How It Was: This is actually the last issue of the Avengers’ initial run. After the Onslaught storyline, the Avengers get shuffled off to the Heroes Reborn universe and the numbering starts over at issue one. So Mark Waid had the task of providing a closing to the Marvel Universe’s greatest heroes while making it fit within the Onslaught crossover. Oh, and he couldn’t resolve anything in the Onslaught storyline either. What we get is an issue of the Avengers doing what they do best, saving lives and inspiring people, followed by a fight with two C-list X-Men villains, which probably isn’t the conclusion Stan Lee would have envisioned 401 issues prior.
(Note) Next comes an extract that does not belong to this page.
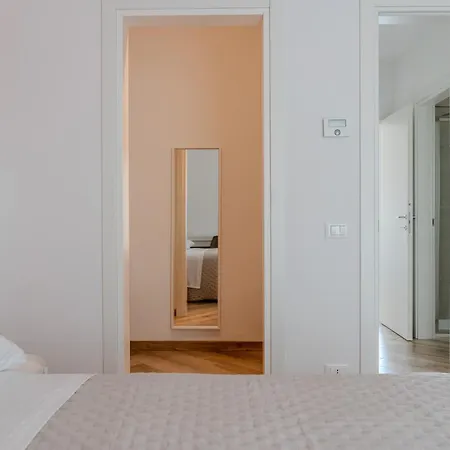 Apartment Relais Del Parco E Relais Del Parco Rosso L'Aquila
The story is okay, nothing spectacular. Mark Waid doesn’t even get a chance to wrap up any of the dangling sub plots his tenure as writer had set up (Kurt Buisek would handle them years later), and he also has the unpleasant duty of writing the issue that essentially makes his job obsolete. Black Widow gets brushed aside during the course of the story because she can’t go to Heroes Reborn; she’s needed in Daredevil and around the Marvel Universe. Vision is still lying on a bed off panel and Hawkeye is nowhere to be found, so they don’t get to be in the finale either. Come to think of it, while this Avengers roster consists solely of veterans, these are not the best versions of these characters. We have teenage Tony Stark/Iron Man, a Wasp who is an actual insect person, the poorly named Giant Man, and redesigns of classic costumes for characters like the Scarlet Witch and Thor that show how hard the Avengers Bullpen was trying to rip off the look of the X-Men.

So they’re rescuing civilians, which is fine except that the same thing is happening in every other Marvel book, and then they have to fight two villains that they have nothing to do with. The art is phenomenal and it really makes the issue. The battle is brutal as heroes are ambushed and thrown around. The mislead of the disheartened Captain America is a little contrived, but it’s not like Waid can really build drama any other way, since the plot isn’t allowed to proceed until Onslaught: Marvel Universe.

This is just a really odd issue to end the Avengers on. Waid definitely does his best, and at least the characters aren’t overshadowed in their own book as the X-Men have been in theirs’. Considering how bad the next year was for Avengers fans, this probably didn’t seem so bad, but it still feels like Earth’s Mightiest Heroes deserved better.